Батюшков возвышает в своем послании скудный быт поэта, соединяя античных богов домашнего очага с бытовыми приметами запущенной дворянской усадьбы. Это ему удается – он лишает античные божества свойственной им в поэзии классицизма статичности. Пенаты, как русские домовые, обретают у Батюшкова живой характер, строптивый нрав. Они у него диковаты, живут в норах и темных кельях. И в то же время они домовиты, любят свои норы, отечески пестуют мир домашнего очага. И античные Парки – богини судьбы, прядущие нить человеческой жизни, у Батюшкова имеют довольно картинную внешность: они у него «тощие», как ветхие старухи. С помощью такой «профанации», снижения высоких символов поэзии классицизма, Батюшков вводит их в повседневность, получает возможность соединить с ними простой сельский быт, приобретающий в их присутствии право на поэтичность.
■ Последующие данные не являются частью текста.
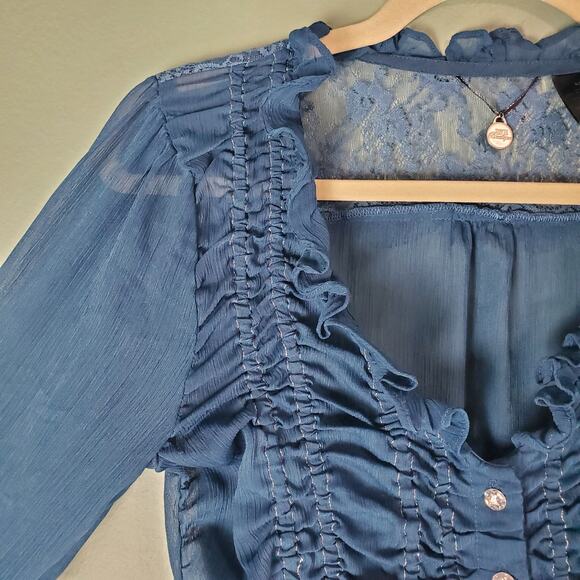 BKE Boutique Teal Semi-Sheer Button Down V-Neck Lace Blouse Top Size Medium - Picture 4 of 5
Пенаты и Лары поднимают до высот поэзии саму скудость жизни:

В сей хижине убогой Стоит перед окном Стол ветхой и треногой С изорванным сукном… Здесь книги выписные, Там жесткая постель - Все утвари простые, Все рухлая скудель!

«Добрый гений» поэзии посещает этот скромный, мирный дом поэта, оценивая его бескорыстие, его способность жить «без злата и честей». С поэтом в хижине убогой «веселые тени» любимых певцов: «парнасский исполин» Ломоносов, «то с лирой, то с трубой, наш Пиндар, наш Гораций» Державин, два баловня природы – Хемницер и Крылов. Не чувственные удовольствия на первом плане в послании Батюшкова, а культ друзей-поэтов, культ высоких наслаждений, свободных дружеских бесед, культ вольнолюбия и независимости.

Тему радости земной жизни сопровождает у Батюшкова ощущение ее мимолетности. Но в первый период творчества оптимизм поэта торжествует над смертью. В «Элегии из Тибулла» (1810-1811) радость жизни продолжается и в жилище теней, в античном «раю» – «Элизии»:

Там слышно пенье птиц и шум биющих вод; Там девы юные, сплетяся в хоровод, Мелькают меж древес, как легки привиденья; И тот, кого постиг, в минуту упоенья, В объятиях любви, неумолимый рок, Тот носит на челе из свежих мирт венок.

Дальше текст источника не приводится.